McDonnell was also ordered to pay back his victims $224,352, according to the U.S. Attorney's Office for the Eastern District of New York. Thursday’s sentencing caps McDonnell’s back-to-back legal fights with the federal government, which saw the 47-year-old New York resident in civil and then criminal court on fraud charges. He pleaded guilty in June 2019, a press release stated.

Both cases stemmed from his tenure as CabbageTech CEO, where he defrauded victims of over $200,000, according to prosecutors. 

Thursday's release claimed he stole bitcoin, litecoin, ethereum and verge from 10 victims under the alter-ego “Jason Flack.” New victims were solicited on social media. While McDonnell promised investors would profit, he instead provided false financial statements, prosecutors sai. 

The CabbageTech platform started in May 2016, according to prosecutors.

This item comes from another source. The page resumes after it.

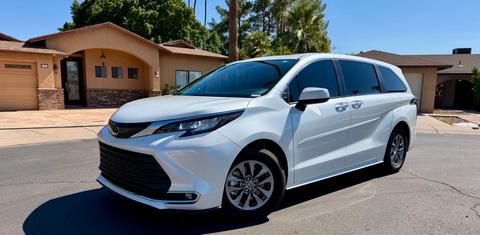 Toyota Sienna 2023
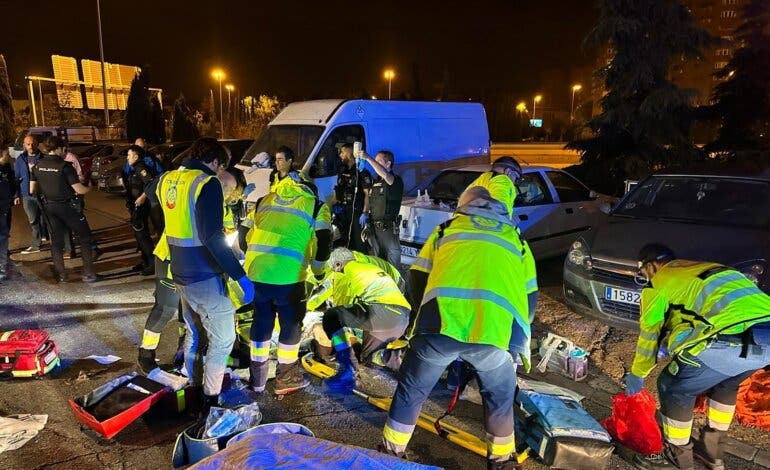 Tres jóvenes detenidos por apuñalar a otro esta madrugada en Puente de Vallecas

By 2018 the government was taking notice.

That January, the Commodity and Futures Trading Commission (CFTC) filed a civil suit against McDonnell, accusing him of defrauding investors. It based its right to enforce on a 2014 Internal Revenue Service ruling that bitcoin and other “convertible virtual currencies” are commodities. 

This definition had never been tested in court before but a judge soon ruled in the CFTC’s favor, creating a precedent for the IRS rule and bolstering the regulator’s subsequent enforcement actions across the space. McDonnell was eventually ordered to pay $1.1 million.

The Justice Department followed with criminal action. It was assisted by the CFTC’s previous work and secured a guilty plea from McDonnell in June 2019, according to a press release

“This office will continue to vigorously prosecute white-collar criminals who defraud the investing public,” Richard P. Donoghue, U.S. Attorney for the Eastern District of New York, said in a statement Thursday.